Cette semaine, j’ai pensé à Arc-en-Ciel parce que je parlais à mon copain de ma nouvelle job et de mon devoir d’informer le monde sur les violences présentes dans la société, et il m’a fait part d’un documentaire qu’il avait vu étant jeune. Ça parlait des représentations des animaux dans les films d’animation. De comment Nemo avait presque mis en voie d’extinction une race complète de poisson, celle des poissons clown. Comment même les personnes dans la chaîne pour aller chercher le « Nemo » mouraient presque pour les trouver tellement leurs équipements étaient mauvais et que leurs conditions étaient déplorables. Tout ça pour qu’un enfant aille son Nemo. Pour qu’il le regarde tourner en rond dans son minuscule aquarium toute la journée.
Mais quand on y pense, ce n’est pas le film le problème, au contraire. C’est ce que les gens en ont fait. C’est ce que la société a décidé de créer autour de ce poisson, comme s’il était une célébrité. Parce que le film Nemo veut nous éduquer sur ces mêmes problématiques : sur le poisson dans son aquarium au dentiste qui se sent comme un prisonnier, qui veut retourner dans la mer. Tout était là pour que le message passe. Mais à quelque part, ça a bloqué.
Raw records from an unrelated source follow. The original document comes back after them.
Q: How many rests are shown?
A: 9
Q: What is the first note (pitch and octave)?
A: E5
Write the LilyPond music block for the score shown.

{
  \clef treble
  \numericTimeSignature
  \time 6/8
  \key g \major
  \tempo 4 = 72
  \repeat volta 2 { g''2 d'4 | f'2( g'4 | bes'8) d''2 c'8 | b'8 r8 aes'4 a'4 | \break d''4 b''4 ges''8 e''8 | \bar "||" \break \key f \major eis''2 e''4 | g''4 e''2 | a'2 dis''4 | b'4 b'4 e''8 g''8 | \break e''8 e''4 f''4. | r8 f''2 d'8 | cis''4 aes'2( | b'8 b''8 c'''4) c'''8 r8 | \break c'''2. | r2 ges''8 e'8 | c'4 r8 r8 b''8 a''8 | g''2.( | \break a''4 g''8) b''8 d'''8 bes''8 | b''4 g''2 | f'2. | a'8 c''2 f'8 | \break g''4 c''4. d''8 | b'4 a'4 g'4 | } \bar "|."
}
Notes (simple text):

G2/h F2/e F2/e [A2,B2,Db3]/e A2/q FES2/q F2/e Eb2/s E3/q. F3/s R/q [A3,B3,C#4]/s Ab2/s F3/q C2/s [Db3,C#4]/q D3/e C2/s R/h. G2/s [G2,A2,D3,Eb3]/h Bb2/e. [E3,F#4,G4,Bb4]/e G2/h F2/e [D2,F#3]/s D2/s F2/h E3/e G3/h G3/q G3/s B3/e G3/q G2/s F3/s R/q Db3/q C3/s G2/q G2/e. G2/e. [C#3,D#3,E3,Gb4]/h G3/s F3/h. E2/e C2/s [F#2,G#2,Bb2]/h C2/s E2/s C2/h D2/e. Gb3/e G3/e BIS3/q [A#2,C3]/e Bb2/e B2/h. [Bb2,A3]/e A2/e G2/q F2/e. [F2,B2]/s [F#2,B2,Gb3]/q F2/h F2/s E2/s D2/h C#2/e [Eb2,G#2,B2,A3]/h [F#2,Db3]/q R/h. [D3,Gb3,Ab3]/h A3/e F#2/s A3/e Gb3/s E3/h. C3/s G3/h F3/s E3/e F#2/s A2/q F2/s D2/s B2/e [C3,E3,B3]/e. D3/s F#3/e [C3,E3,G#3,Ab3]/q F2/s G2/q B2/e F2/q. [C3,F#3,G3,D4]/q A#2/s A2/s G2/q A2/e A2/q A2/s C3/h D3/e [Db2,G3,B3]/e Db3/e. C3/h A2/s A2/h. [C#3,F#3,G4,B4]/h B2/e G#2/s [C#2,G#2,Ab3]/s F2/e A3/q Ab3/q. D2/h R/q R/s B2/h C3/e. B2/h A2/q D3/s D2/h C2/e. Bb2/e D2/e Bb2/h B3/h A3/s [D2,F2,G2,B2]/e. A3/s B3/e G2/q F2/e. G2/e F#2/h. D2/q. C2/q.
Je pense aux films d’animation japonais du Studio Ghibli, par exemple, où il est rare de voir un animal de cette façon ; en effet, ce sont souvent des petites créatures imaginaires si on pense à Mon voisin Totoro ou Ponyo. Je me demande quel impact ça a eu sur les enfants. S’ils ont eu le même rapport avec les animaux dits exotiques comme c’était d’autres créatures qui les remplaçaient, qui jouait le rôle du petit animal mignon. Parce que dans presque chaque film d’animation de Disney ou Pixar, il y a un animal qui est tout le temps hyper mignon et qui accompagne le protagoniste dans son aventure. Et à quelque part, c’était sûrement pour montrer la relation amicale qu’on devrait avoir avec eux, le respect, l’amour. Mais ce que l’humain en a fait, c’est surtout de les traiter comme des célébrités. De les mettre en cage pour qu’on les voit mieux. Et ce n’est pas aux enfants qu’il faut reprocher cette envie de les voir en vrai, ni aux films de les montrer. Ce sont les gens le problème. Ceux qui se servent de cette porte entrouverte et qui l’ouvre encore plus.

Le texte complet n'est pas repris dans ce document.